洞窟は更に斜め下へ延びている。道幅はさっきより少し広くなった。
先頭を歩く子どもたちの足取りは軽い。こんな暗くて狭い所で怖くないのだろうか。
これが若さなのか好奇心なのか、それとも両方なのか分からないが、頼もしさを感じる
ほどにその足取りは軽快だ。
暫く進むと少し開けた場所に出た。子どもたちが魔術石を使って辺りを照らす。する
とそこは少し大きな部屋だと分かった。そして……。
ルード君が部屋の奥に進みながら言う。
「なんか壁に書いてあるみたいだな。何々? 『この剣を持つに相応しい者の名を答え
よ』か……」
文字の上に剣が描かれている。それは何も変哲もないただの剣だ。唯一普通の剣と違
う所があるとすれば、鍔の部分に図柄というか、模様が入っている所だろう。その図柄
は『つ』という字を縦にみっつ並べた様な字だ。
ルード君はその剣を見て言った。
「う~ん……どこかで見たことあるような~……」
皆がルード君の所に集まると、フーカちゃんが「はいっ! はいっ!」と大きな声で、
手を上げて言った。
「私分かったよ! 『つ』がみっつでミッツさんよ!」
ルード君は振り返って怒り出した。
「いや、誰だよ!」
「家の近所の八百屋さんのおばあさんだよ」
「なんで八百屋のおばあさんが剣持ってんだよ! 元冒険者か何かかよ!」
「きっとそうだよ。ルード君頭いいね」
フーカちゃんは何やら感心している。
「そんなわけあるかー!」
ルード君がゼェゼェ肩で息をしている中、ユーリ君が言った。
「そうですよフーカちゃん。この洞窟が出来たのはおそらくその八百屋のおばあさんが
生まれる前の事でしょうから、八百屋のおばあさんではありません。きっと答えは名の
ある英雄だと思います。そこから導き出される答えは……」
ルード君とフーカちゃんは息を飲んだ。
「答えは……?」
ユーリ君の眼鏡が光輝く。
「その答えは……ヒデオですよ。英雄と書いてヒデオって読むでしょ?」
ルード君とフーカちゃんは言った。
「しょうもな」
この流れだと次はルード君かな……と私は思っていたが、違った。話始めたのはアデ
ルだった。
「いいかお前ら、ここはおそらくロマリオ族の遺跡か何かだ。そうだとすると、この剣
の持ち主はロマリオ族の族長のことだ」
ユーリ君は納得した。
「なるほど、確かにそうですね。
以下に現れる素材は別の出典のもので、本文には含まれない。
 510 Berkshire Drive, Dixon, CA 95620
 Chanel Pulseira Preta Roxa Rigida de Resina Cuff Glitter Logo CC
して、その族長の名前は……?」
「その名前はな……」
「その名前は……?」
子どもたちは息を飲む。だがこの流れも前にやった。
「知らん。ロマリオ族なんてさっきカンヤが話してたので初めて知ったし」
子どもたちはズコッった。やっぱりね。
フーカちゃんは立ち上がり、言う。
「ちょっとアデルちゃん……あっ……ということは、カンヤお姉ちゃんなら分かるん
じゃ……!」
ルード君は起き上がり、フーカちゃんに賛同した。
「た、確かに……!」
ユーリ君も立ち上がり、賛同する。
「なるほど、確かにそうですね!」
カンヤさんは期待の眼差しを子どもたちから向けられる。しかし、カンヤは否定した。
「いえ、さすがに私もそこまでは知らなくて……この剣も初めて見ましたし……」
ルード君が怒り出した。
「なんでそこで諦めるんだよ! 諦めんなよ! お米食べろ!」
「え? あっ……え? お米? わ……分かりました、頑張ってみます……」
カンヤさんはよく分からない激励に困惑しつつも、剣の持ち主ついて思考した。そし
て導き出された答えは……。
「分かりました! シュウゾウ! シュウゾウですよ!
今頭にビビッと来たんです!」
カンヤさんはドヤ顔で、なぜかとても自信満々に言った。そんなカンヤさんにルード君
は言った。
「あっ、もういいっす」
カンヤさんは隅っこで泣き始めた。カンヤさんは悪くないよ。良く頑張ったよ。
フーカちゃんは私に向かって言った。
「ティアお姉ちゃんは分かる~?」
「う~ん、何かな~。私が思いつくのだと『ラティーア・ロンドベルト』とか……後は
『ハールトマン・ヴェラトリウス』とかしか思いつかないな~」
フーカちゃんはきょとんとした表情をした。
「誰それ~?」
私の代わりにユーリ君が答えた。
「『ラティーア・ロンドベルト』は世界で初めて箒で世界一周し、世界地図を作った大
魔法使いですね。最強の魔法剣を持っていたとか。『ハールトマン・ヴェラトリウス』
は吸血鬼族の王で、彼が持つ剣で切られると体中の血を吸い尽くすっていう伝説がある
んですよ」
「へ~。ユーリ君もティアお姉ちゃんも物知りさんだね~」
しかし、どうやら不正解のようだ。
そこでどこからともなく「フッフッフッ……」と言う声が聞えてきた。
声の主は……ルード君だ。
「分かった……分かってしまった。やはり俺は天才なのかもしれない」
皆はルード君の方を向いた。カンヤさんもいつの間にか戻って来た。
フーカちゃんが「本当?」と訊くと、ルード君は言った。
「ああっ。いいかお前ら。ここはアークラードという国の……」
石の壁の一部が重い音と共に動き、通路が現れた。